Since the representation layer can easily be implemented with a standard linear layer, we will first implement the projection head. Although we could use the standard linear layer from PyTorch, we will define our own linear layer class that can perform batch normalization and determine whether the layer should have a bias value.

In [None]:
class LinearLayer(nn.Module):
    def __init__(self,
                 in_features,
                 out_features,
                 use_bias = True,
                 use_bn = False,
                 **kwargs):
        super(LinearLayer, self).__init__(**kwargs)

        self.in_features = in_features
        self.out_features = out_features
        self.use_bias = use_bias
        self.use_bn = use_bn
        
        self.linear = nn.Linear(self.in_features, 
                                self.out_features, 
                                bias = self.use_bias and not self.use_bn)
        if self.use_bn:
             self.bn = nn.BatchNorm1d(self.out_features)

    def forward(self,x):
        x = self.linear(x)
        if self.use_bn:
            x = self.bn(x)
        return x


Now, we can write the ProjectionHead class, which receives input features from the encoder model and outputs the activity of some neurons.
The projection head can consist of one linear layer or multiple nonlinear layers.

In [None]:
class ProjectionHead(nn.Module):
    def __init__(self,
                 in_features,
                 hidden_features,
                 out_features,
                 head_type = 'nonlinear',
                 **kwargs):
        super(ProjectionHead,self).__init__(**kwargs)
        
        self.in_features = in_features
        self.out_features = out_features
        self.hidden_features = hidden_features
        self.head_type = head_type

        if self.head_type == 'linear':
            self.layers = LinearLayer(self.in_features,self.out_features,False, True)
        elif self.head_type == 'nonlinear':
            self.layers = nn.Sequential(
                LinearLayer(self.in_features,self.hidden_features,True, True),
                nn.ReLU(),
                LinearLayer(self.hidden_features,self.out_features,False,True))
        
    def forward(self,x):
        x = self.layers(x)
        return x

### Encoder

Now we can connect the ProjectionHead to the preceding encoder.
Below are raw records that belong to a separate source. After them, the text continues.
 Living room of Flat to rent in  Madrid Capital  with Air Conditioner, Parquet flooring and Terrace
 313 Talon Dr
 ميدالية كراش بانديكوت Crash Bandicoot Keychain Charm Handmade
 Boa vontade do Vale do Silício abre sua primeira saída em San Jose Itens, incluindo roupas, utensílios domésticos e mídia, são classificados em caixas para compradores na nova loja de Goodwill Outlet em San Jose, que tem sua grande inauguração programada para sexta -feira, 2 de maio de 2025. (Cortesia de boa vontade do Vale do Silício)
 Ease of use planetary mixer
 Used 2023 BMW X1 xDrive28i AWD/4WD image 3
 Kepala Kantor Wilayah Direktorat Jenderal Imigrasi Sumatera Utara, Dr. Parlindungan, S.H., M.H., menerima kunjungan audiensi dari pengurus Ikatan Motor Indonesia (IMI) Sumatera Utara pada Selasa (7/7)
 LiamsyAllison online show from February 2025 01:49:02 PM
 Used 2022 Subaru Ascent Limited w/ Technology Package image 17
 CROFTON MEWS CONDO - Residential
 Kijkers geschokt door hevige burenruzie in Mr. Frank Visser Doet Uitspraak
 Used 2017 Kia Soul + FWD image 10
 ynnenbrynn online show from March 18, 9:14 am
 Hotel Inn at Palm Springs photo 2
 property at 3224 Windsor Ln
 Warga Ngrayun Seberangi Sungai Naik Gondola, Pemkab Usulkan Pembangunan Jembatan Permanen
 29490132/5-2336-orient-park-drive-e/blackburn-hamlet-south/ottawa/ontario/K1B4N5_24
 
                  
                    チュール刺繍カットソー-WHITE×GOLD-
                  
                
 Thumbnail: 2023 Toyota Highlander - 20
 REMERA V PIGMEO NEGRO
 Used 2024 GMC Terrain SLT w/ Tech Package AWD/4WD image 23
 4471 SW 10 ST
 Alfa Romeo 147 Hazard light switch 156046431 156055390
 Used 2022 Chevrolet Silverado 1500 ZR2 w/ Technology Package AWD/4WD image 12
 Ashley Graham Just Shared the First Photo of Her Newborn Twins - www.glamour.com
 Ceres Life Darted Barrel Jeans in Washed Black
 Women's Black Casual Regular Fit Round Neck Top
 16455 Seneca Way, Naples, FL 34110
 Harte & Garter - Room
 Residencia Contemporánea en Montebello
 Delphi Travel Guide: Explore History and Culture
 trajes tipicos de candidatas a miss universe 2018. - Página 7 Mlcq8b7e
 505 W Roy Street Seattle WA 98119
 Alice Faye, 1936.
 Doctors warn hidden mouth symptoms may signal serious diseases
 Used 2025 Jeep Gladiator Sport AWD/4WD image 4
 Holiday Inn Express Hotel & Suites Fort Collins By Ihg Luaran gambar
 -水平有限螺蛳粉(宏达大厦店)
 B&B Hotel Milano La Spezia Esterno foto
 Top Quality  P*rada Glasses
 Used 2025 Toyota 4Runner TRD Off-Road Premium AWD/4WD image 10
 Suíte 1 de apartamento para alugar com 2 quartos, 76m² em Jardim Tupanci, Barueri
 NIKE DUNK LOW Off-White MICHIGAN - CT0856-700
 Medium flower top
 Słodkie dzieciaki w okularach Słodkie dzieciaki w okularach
Here in this case, the encoder can be a pre-trained ResNet50 from PyTorch or a self-defined network.

In [None]:
class SimCLRModel(nn.Module):
    def __init__(self,base_model, num_features=64):
        
        super().__init__()
        self.base_model = base_model
        self.num_features = num_features

        if isinstance(base_model, str):
            #PRETRAINED MODEL
            if base_model == 'resnet50':
                self.pretrained = models.resnet50(pretrained=True)
        else:
            self.pretrained = self.base_model

        if self.pretrained == None:
            print('No valid pretrained model chosen')
        

        #self.pretrained[0] = nn.Conv2d(3, 16, kernel_size=(3, 3), stride=(1, 1), bias=False)
        ## if base_model == resnet50, switch the first convolutional and some later layers for fine tuning
        if base_model == 'resnet50':
            self.pretrained.conv1 = nn.Conv2d(3, 64, kernel_size=(3, 3), stride=(1, 1), bias=False)
            self.pretrained.maxpool = nn.Identity()
            self.pretrained.fc = nn.Identity()
            ## set the pretrained weights fix for the resnet model
            for p in self.pretrained.parameters():
                p.requires_grad = False

        self.latent_layer = LinearLayer(128,self.num_features, True, True)
        self.projector = ProjectionHead(self.num_features, 2048, 128)

    
    def forward(self,x):
        out = self.pretrained(x)
        #print(out.size())
        latent = F.relu(self.latent_layer(out))
        xp = self.projector(torch.squeeze(latent))
        # we return the output from projection head and 
        # the latent layer as we need it later for the real task 
        return (xp,latent)

Let's define a small encoder network consisting of three convolutional layers and several fully connected layers.

In [None]:
class EncoderNet(nn.Module):
    def __init__(self):
        super().__init__()
        ## define the network structure with the layers
        self.conv1 = nn.Conv2d(3,256,3) # in_channels, out_channels, kernel_size 
        self.pool  = nn.MaxPool2d(2,2) # kernel_size, stride
        self.dropout = nn.Dropout(0.2) # dropout factor
        self.conv2 = nn.Conv2d(256,128,3) # in_channels,out_channels, kernel_size
        self.conv3 = nn.Conv2d(128,32,3) # in_channels,out_channels, kernel_size
        self.fc1   = nn.Linear(32*14*14, 120) # in_channels, out_channels
        self.fc2   = nn.Linear(120,1024)    
        self.fc3   = nn.Linear(1024,128) # in_channels, out_channels

        
    def forward(self, x):
        ## define the functionality of each layer/between the layers
        x = self.pool(F.relu(self.conv1(x)))
        x = self.dropout(x)
        x = self.pool(F.relu(self.conv2(x)))
        x = self.dropout(x)
        x = self.pool(F.relu(self.conv3(x)))
        #print(x.size())
        x = torch.flatten(x,1) # flatten all dimensions except batch
        x = F.relu(self.fc1(x))
        x = self.dropout(x)
        x = F.relu(self.fc2(x))
        x = self.dropout(x)
        x = F.relu(self.fc3(x))
        return x


### Full Network

Create the complete SimCLRModel, using our custom encoder network. You can also use a pre-trained network.

In [None]:
num_features = 128
#model = SimCLRModel('resnet50', num_features).to(device)
model = SimCLRModel(EncoderNet(), num_features).to(device)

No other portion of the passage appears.